Babos and Stefani rally past defending champions in Riyadh
Deep in a deficit that echoed past heartbreaks, Timea Babos and Luisa Stefani flipped the script on Gabriela Dabrowski and Erin Routliffe, clawing back to claim a semifinal berth at the WTA Finals with a mix of tactical savvy and unyielding drive.

In the charged atmosphere of Riyadh's indoor arena, where the WTA Finals unfold under lights that cast long shadows across the hard courts, No. 7 seeds Timea Babos and Luisa Stefani mounted a stirring comeback against the defending champions. The Hungarian and her Brazilian partner absorbed a punishing first set, their serves tested by sharp net play, before igniting a surge that turned vulnerability into victory. This 2-6, 7-5, 10-5 triumph not only avenged two earlier three-set defeats but propelled Babos back to the semifinals for the first time since 2019, marking her fourth appearance overall in the year-end showcase.
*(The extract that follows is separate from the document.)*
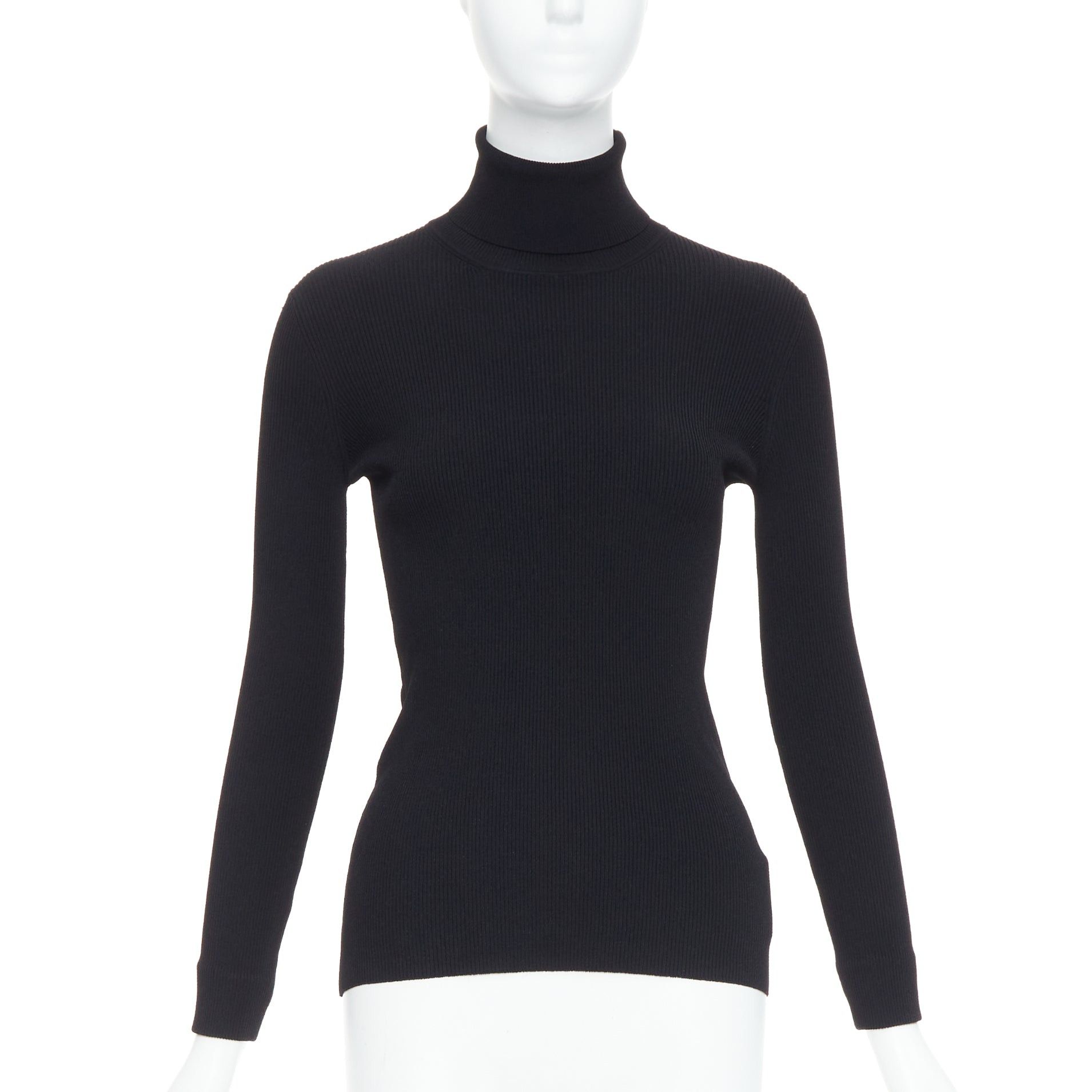 Jil Sander JIL SANDER black open back silver bar ruched turtleneck top FR36 S Size S / US 4 / IT 40 - 2 Thumbnail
Champions seize control with net precision
Erin Routliffe set the tone right away, her forecourt instincts flashing as she poached three winners in the opening game to break Babos's serve. The No. 3 seeds, riding the momentum of their title defense, converted the first four deciding points of the match, building a 6-2 lead and extending it to 3-2 in the second set with volleys that landed like punctuation marks. On these swift indoor hard courts, where balls skid with predictable pace, Dabrowski and Routliffe's one–two combinations of deep serves and aggressive approaches forced errors, replaying the intensity of their wins over this duo in Stuttgart's semifinals and the US Open quarterfinals.
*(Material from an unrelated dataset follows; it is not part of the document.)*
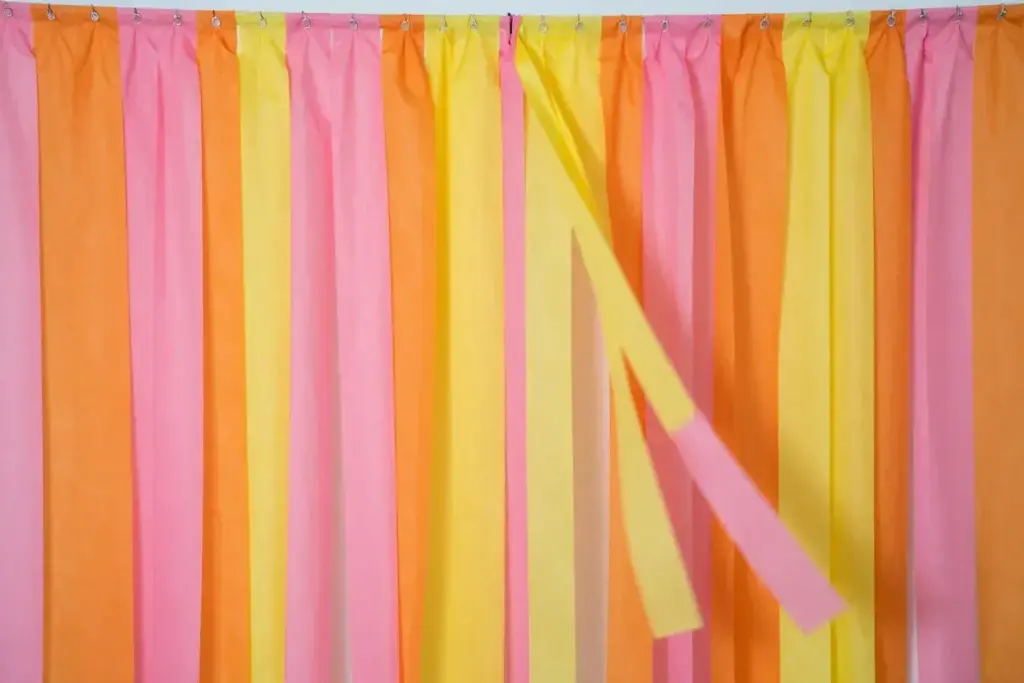 Streamer curtain backdrop multicolored crepe paper layered texture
The crowd's early murmurs hinted at another upset in the making, but the champions' edge stemmed from more than power; it was their anticipation at net that pinned Stefani deep, her returns skimming the baseline without bite. Babos, drawing on her three prior WTA Finals titles, sensed the psychological weight of those prior losses, where leads had slipped away in the deciders. As the set progressed, small lapses began to surface for the higher seeds, their intensity flickering under the scoreboard's glare.
"This year we had two very tough matches against Gaby and Erin," Babos said afterwards. "Both times we were leading and then both times we couldn't close it out, and they ended up winning the tournament. It's a little bit karma, in a way, but we deserved it."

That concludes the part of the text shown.